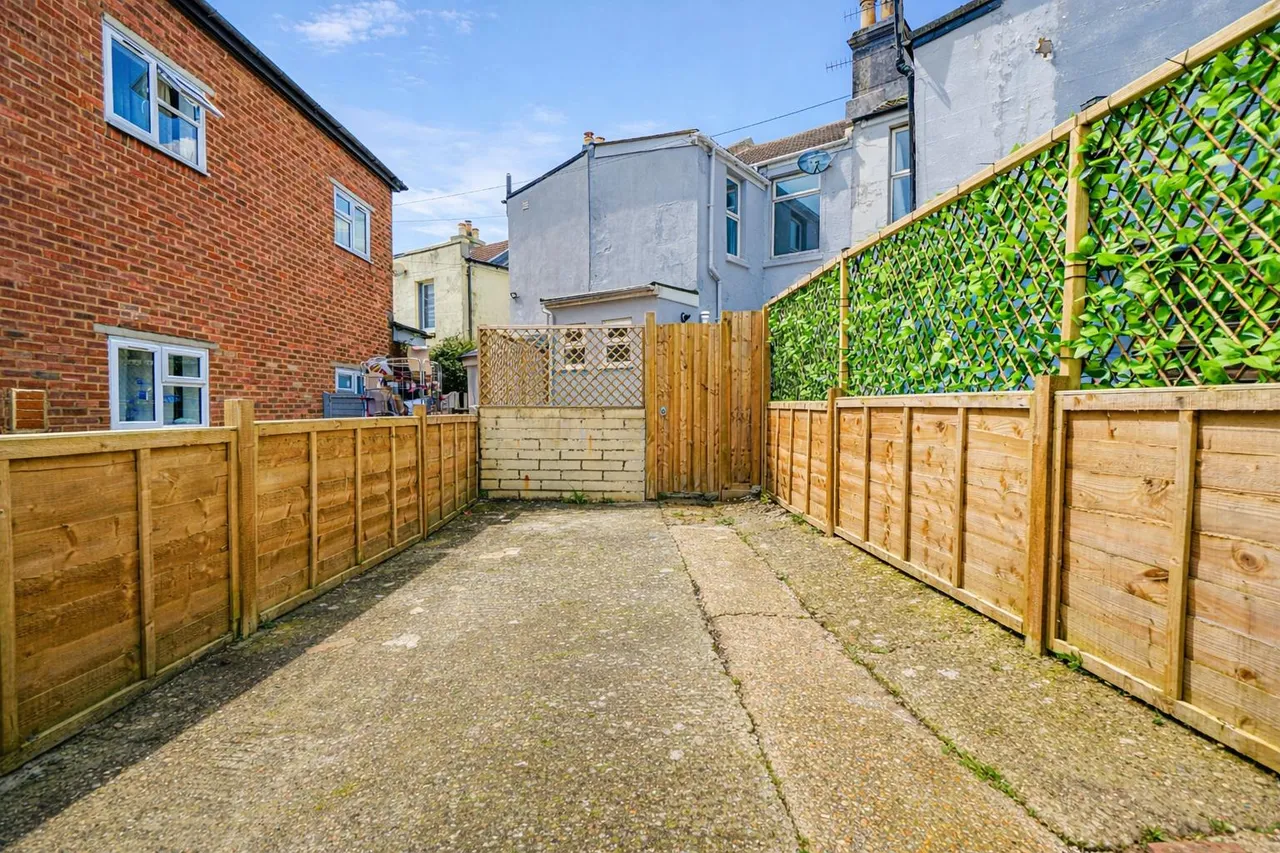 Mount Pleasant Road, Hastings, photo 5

...

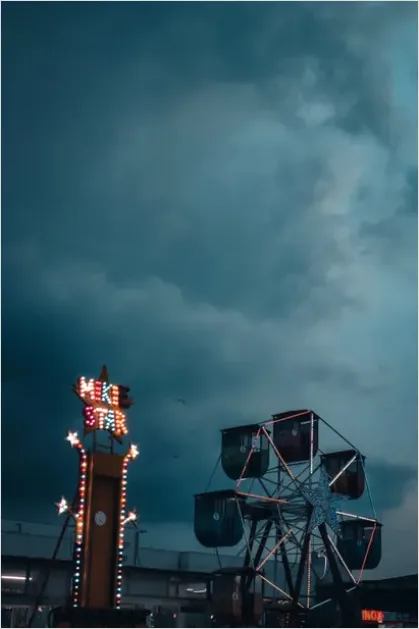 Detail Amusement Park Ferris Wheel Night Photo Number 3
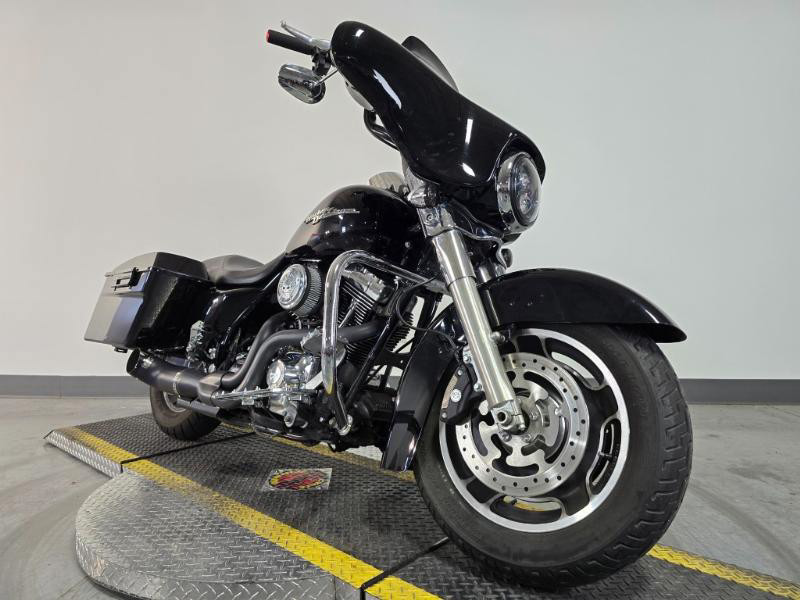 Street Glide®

*Task requirements*
Starting from the line with "Detail Amusement Park" in the records above, repeat each line exactly until you have written the line with "Street Glide®", then stop; drop the pictures.

*Task response*
 Detail Amusement Park Ferris Wheel Night Photo Number 3
 Street Glide®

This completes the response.